Investment banking in Asia: The headhunters’ view
What do the region’s top headhunters think of the market? Not a great deal. The mood is not good following the bonus announcements of most banks in the early months of the year.
"While everyone intellectually understood their compensation was going to be coming down 30% to 40%, when people see the number on a piece of paper they tend to have a more visceral reaction than they thought they would," says one. "While some are flat to last year, most are clearly down, and in most cases have a restricted deferred element to the compensation.
"Every banker is becoming a financial institution specialist and working out whether having 60% of their bonus in the stock of that bank is worthwhile."
Who wins in that environment? "The large US money-centre banks are considered to be the best, with JPMorgan the standout because of its share price performance comparative to the street," says one.

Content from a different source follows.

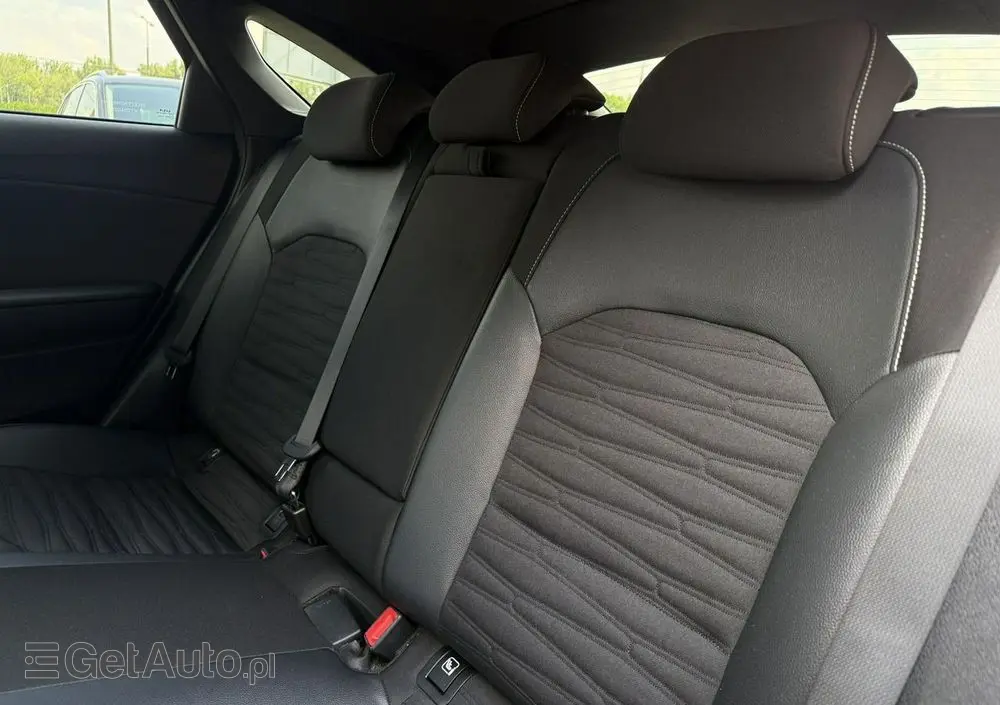 KIA ProCeed 1.5 T-GDI GT Line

People are newly optimistic about Citi in this respect, he says – since few feel its share price can get any worse – and always about Goldman Sachs, although "the question on everyone’s mind is how people make money now they’re no longer proprietary trading. They don’t have the answer but they know people will figure it out, and the people who figure it out first will probably be Goldman."
In Europe, headhunters say Deutsche is the closest European equivalent in terms of its likelihood of recovery; "It’s always been a successful bank and the premier German bank, which is where the initiative lies."